The coordinator may be the same person as the course responsible, or it may be a person who cooperates with the course responsible in handling the coordination of the course. Since courses that teaches through innovation and project work, with external clients and many students may be demanding in relation to time and resources, it may be a good idea to have a coordinator connected to the course’s team of teachers so that the course responsible is able to focus on the exam and possibly the disciplinary content of the teaching.

The coordinator should also cooperate with the course responsible and the rest of the team of educators on developing the course description, playbook and process design, in order for the coordinator to gain an insight into the course content and structure to be used when coordinating the course.


Cases and external cooperation

In relation to case based project work it is especially relevant to assign a coordinator to the course who will take care of:

  • Finding suitable cases, preparing cases and cooperation agreements with external organisations (regarding e.g. confidentiality and idea protection)
  • To handle the contact with external organisations before the course begins and throughout the course.
  • To supply other relevant materials from the external organisations that provide the students with the best preconditions for solving the case: internal reports, visual material, statistics and so on.

Read more about Cases and external collaboration here


Teaching materials

The coordinator should have an overview of the teaching materials used during the course. The teaching materials are used in order to support the students’ process during an I&E course and should be available to all students and teachers of the course, preferably printed. The teaching material may for example be:

  • Course process model
  • Program / Weekly plan for the course
  • Practical information, including information on educators, rooms, exams and so on.
  • Descriptions of deliverables
  • Case descriptions
  • Group contracts
  • Guidance on methods/exercises that the students facilitate themselves within their teams

Read more about Teaching materials and find concrete examples of applied teaching materials in I&E courses.
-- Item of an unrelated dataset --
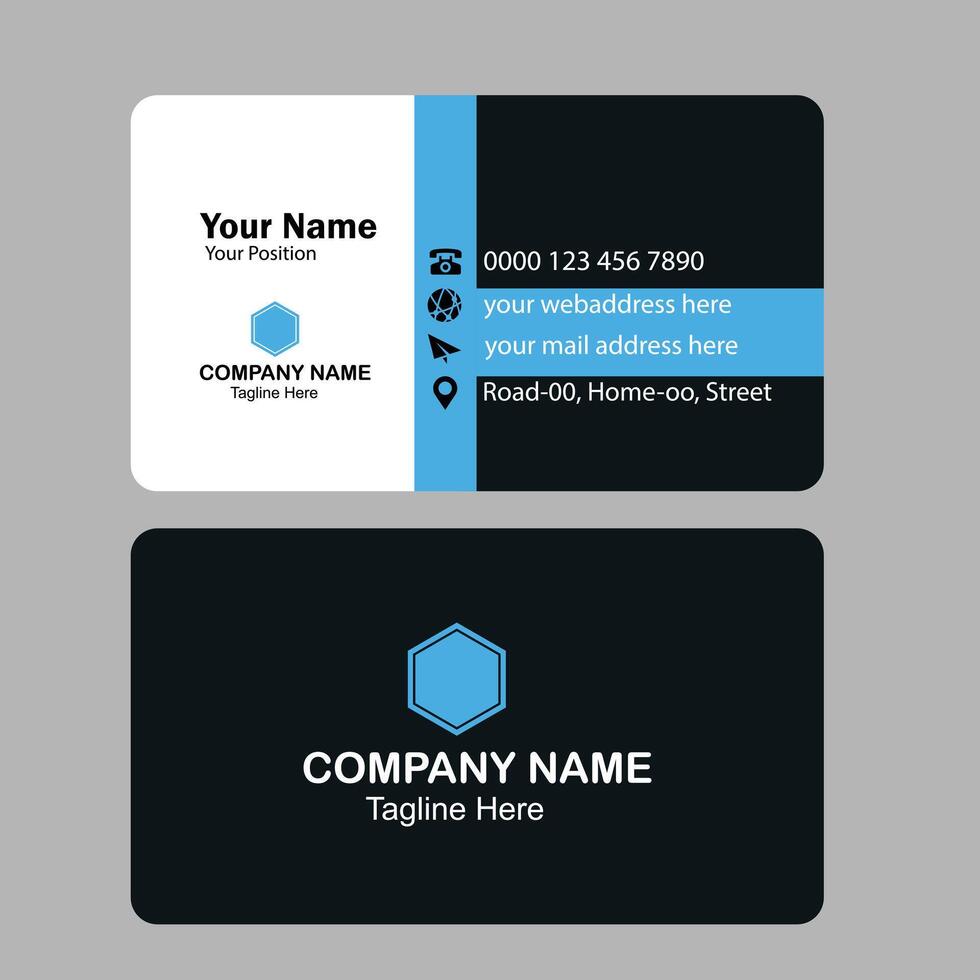 Modern Unique professional simple business card design vector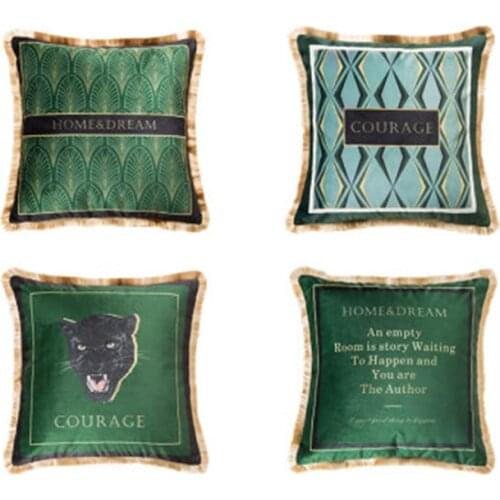 Pack of 2 Vintage Velvet Soft Print Decorative Square Throw Pillow Cover Cushion Case for Sofa Bedroom Car 43 X43cm Dark Green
  • If the teacher is responsible for the examination of the students taking the course, this may influence which types of roles that are appropriate for the teacher to take on. This is especially applicable in relation to facilitating the students and handling potential conflicts in relation to group work, as this kind of guidance demands a certain confidence between the teacher and the students in order to work. There may be certain aspects of the students’ group work and general activities which the examination teacher should not be informed of and which should not affect the exam results.
  • It may also be inappropriate of the examination teacher to be evaluating and giving feedback on the students’ ideas as biases may occur as the teacher (unintentionally) may affect the students’ ideas and solutions in a certain direction.